ABOUT THIS EXERCISE:
Go through the entries below and collect each line with the string "Chair" in it.

AVAILABLE RECORDS:
=== Begin Enclosure ===

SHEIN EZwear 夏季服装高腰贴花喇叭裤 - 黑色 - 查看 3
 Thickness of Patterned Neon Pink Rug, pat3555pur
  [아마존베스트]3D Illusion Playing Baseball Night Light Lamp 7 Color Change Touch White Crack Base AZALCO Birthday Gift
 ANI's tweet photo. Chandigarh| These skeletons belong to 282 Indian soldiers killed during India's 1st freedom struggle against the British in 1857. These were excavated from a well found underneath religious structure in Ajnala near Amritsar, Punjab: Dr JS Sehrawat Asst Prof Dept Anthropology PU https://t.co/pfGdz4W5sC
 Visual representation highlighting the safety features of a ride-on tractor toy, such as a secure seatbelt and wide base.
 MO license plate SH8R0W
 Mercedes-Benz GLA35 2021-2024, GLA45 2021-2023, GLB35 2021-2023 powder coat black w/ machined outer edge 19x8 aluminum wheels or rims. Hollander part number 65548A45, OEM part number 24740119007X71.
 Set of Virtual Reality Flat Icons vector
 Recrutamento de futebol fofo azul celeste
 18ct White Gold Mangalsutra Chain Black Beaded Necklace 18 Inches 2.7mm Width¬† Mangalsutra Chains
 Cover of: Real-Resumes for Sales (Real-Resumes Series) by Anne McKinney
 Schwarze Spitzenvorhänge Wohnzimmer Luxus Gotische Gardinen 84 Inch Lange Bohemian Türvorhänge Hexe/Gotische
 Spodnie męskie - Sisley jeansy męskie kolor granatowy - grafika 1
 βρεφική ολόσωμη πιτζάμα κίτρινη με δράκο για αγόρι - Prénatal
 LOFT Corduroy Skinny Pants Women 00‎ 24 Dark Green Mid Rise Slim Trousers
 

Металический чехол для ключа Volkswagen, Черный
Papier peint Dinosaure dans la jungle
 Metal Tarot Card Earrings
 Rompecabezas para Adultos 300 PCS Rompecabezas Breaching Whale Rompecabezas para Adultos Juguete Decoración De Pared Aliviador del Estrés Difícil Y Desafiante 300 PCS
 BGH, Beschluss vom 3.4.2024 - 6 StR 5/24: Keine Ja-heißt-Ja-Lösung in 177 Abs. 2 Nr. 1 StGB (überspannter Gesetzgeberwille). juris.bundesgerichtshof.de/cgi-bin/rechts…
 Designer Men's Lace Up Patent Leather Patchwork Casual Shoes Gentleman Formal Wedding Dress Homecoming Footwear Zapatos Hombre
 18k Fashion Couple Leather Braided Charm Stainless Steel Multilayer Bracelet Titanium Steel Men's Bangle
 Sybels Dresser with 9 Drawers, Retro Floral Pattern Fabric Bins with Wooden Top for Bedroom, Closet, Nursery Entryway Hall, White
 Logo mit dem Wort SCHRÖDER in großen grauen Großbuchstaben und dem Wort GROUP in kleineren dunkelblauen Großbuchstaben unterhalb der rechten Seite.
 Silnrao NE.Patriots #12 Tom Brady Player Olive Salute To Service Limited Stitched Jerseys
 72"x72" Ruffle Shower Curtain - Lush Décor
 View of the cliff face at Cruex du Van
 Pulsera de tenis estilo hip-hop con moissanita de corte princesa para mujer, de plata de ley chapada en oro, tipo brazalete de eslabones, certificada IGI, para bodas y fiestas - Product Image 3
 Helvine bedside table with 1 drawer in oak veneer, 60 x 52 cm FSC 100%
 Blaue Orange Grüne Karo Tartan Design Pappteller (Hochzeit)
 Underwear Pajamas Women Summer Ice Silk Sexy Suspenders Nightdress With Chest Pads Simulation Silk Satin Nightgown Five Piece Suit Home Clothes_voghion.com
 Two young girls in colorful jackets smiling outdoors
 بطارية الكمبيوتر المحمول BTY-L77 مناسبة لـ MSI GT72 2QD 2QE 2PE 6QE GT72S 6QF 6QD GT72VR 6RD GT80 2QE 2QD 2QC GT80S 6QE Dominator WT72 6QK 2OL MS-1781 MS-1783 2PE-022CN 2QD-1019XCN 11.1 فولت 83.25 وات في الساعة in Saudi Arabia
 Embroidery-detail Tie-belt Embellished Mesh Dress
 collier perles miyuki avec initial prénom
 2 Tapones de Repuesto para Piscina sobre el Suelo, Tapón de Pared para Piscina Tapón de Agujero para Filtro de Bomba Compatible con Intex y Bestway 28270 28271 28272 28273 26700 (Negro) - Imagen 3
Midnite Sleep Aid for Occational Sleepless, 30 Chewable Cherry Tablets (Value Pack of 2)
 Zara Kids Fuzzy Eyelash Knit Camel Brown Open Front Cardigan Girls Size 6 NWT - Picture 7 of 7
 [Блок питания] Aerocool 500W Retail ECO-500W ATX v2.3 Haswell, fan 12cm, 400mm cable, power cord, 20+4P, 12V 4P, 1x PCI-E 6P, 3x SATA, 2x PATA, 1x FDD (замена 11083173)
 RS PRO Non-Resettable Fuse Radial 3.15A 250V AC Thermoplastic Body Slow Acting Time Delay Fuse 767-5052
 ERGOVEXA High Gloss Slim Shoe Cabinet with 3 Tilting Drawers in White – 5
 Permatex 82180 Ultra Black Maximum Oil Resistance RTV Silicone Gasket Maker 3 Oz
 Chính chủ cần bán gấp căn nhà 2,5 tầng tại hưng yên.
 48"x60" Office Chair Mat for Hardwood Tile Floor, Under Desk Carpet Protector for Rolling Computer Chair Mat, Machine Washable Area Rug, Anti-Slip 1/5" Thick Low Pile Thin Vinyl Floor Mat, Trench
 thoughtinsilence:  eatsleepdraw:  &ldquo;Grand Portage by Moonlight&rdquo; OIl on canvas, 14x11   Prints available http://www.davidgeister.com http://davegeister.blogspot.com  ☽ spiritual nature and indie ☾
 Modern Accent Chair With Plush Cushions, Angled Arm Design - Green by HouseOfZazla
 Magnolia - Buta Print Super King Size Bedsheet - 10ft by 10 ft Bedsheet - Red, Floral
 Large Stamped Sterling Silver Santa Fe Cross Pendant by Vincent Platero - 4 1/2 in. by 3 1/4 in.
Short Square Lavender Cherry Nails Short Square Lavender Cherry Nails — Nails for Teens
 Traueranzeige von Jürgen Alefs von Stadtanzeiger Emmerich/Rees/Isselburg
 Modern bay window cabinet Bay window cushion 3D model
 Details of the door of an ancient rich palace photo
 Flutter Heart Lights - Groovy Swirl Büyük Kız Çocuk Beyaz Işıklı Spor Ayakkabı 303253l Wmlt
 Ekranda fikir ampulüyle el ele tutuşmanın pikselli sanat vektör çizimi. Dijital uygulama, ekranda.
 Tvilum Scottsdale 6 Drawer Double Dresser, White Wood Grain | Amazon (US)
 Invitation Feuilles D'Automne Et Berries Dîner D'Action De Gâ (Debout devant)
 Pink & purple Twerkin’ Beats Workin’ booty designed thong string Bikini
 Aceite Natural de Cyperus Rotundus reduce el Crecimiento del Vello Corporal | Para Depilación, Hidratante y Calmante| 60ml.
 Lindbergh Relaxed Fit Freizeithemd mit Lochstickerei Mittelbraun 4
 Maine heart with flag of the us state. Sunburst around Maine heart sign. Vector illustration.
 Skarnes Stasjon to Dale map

=== End Enclosure ===

EXERCISE RESULT:
 48"x60" Office Chair Mat for Hardwood Tile Floor, Under Desk Carpet Protector for Rolling Computer Chair Mat, Machine Washable Area Rug, Anti-Slip 1/5" Thick Low Pile Thin Vinyl Floor Mat, Trench
 Modern Accent Chair With Plush Cushions, Angled Arm Design - Green by HouseOfZazla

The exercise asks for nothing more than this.